Per esempio il professor Lanzetta non avrebbe mai contestato, prima di affrontare l’esame, le commissioni che poi lo avrebbero bocciato e questo a partire almeno dal secondo round; silenzio anche dopo che l’ateneo aveva sostituito il presidente della commissione che per due volte aveva freddamente “segato”, proprio lui chirurgo di fama mondiale avendo effettuato i primi riusciti trapianti di mano. Dalla parte di Lanzetta ci sono peraltro anche i ripetuti pronunciamenti della magistratura amministrativa, corpo giudiziario non abitato da pretori d’assalto.

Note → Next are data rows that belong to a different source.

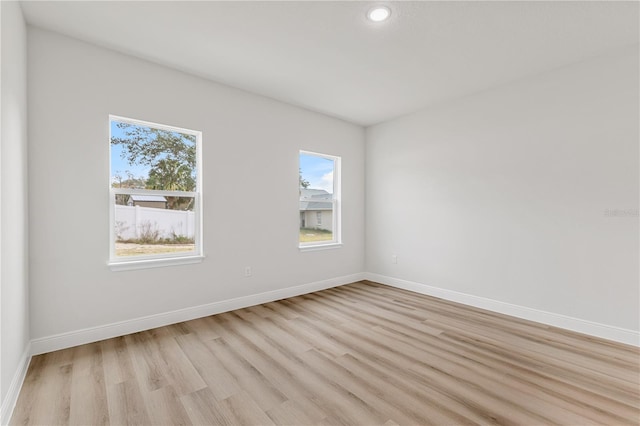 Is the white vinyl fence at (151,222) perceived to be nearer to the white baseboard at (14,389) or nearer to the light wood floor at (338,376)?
the light wood floor at (338,376)

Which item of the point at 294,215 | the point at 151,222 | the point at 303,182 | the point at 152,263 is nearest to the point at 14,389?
the point at 152,263

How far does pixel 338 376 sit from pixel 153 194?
101 inches

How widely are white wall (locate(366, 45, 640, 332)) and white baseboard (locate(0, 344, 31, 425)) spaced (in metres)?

L’Università ha intanto rivendicato l’assoluta indipendenza di giudizio e di azione delle commissioni, organo amministrativo nettamente separato dall’ateneo, e respinge quindi ogni attacco alla sua correttezza, in qualche misura messa in dubbio se sono state chieste le dimissioni del rettore.
Autorevoli esponenti dell’ ateneo hanno poi spiegato le ragioni delle clamorose multiple bocciature: il concorso non è mai stato indetto per un chirurgo della mano, ma per un clinico ortopedico e traumatologico, ecco il punto d’origine di un equivoco che si sarebbe protratto e forse non chiarito nemmeno in sede di giustizia amministrativa.
Per la prima volta ho visto in difficoltà amici giornalisti di testate nazionali: non se la sono sentita di seguire il Corriere colpevolista – massiccia monodose di accuse, nessuno spazio per la difesa, finale con fucilazione alla schiena e senza i conforti religiosi – e pur essendo i colleghi anche attenti alle decisioni dei magistrati si rendono conto che solo degli improbabili sani da legare avrebbero perseverato nella scelta delle bocciature a raffica di un medico prestigioso.
Per la città e anche per quei medici che non hanno in grande simpatia l’ateneo e il rettore non ci sono stati dubbi: hanno fatto quadrato attorno alla realtà accademica.
Il vostro cronista, che per antica scuola non è mai stato uno dei plauditores delle istituzioni, riconosce la tradizionale indipendenza delle commissioni dei concorsi nostrani, ma non troverebbe difficoltà a spiegare, a livello accademico nazionale, l’attività di parentopoli e raccomandifici vari che anche di recente hanno scosso l’opinione pubblica.
Se sto alla larga dal potere non dimentico mai quanto di utile alla comunità viene fatto. E così in questa occasione ho ritenuto giusto ricordare i grandi meriti di Renzo Dionigi come papà dell’Insubria, senza peraltro sminuire la delicata vicenda che è molto importante in linea di principio, ma forse senza danni per la nostra comunità. Infatti le mani degli infortunati, anche gravi, al nostro ospedale vengono curate bene sin dai tempi di Ermanno Montoli.
Certo, il professor Lanzetta sarebbe stato un acquisto strepitoso, adesso però per lui si menano le mani e non sono schiaffoni da poco quelli che volano. Una rissa apparentemente ancora senza arbitro e sul cui esito non è facile fare previsioni vista anche la durezza delle singole posizioni. È una guerra tra persone molto intelligenti, ma in qualche situazione può accadere che insuperabili impuntature facciano correre il pensiero ai formidabili muli della mitica artiglieria alpina. Sia chiaro che lo dico con tutto il rispetto. Anche per i muli.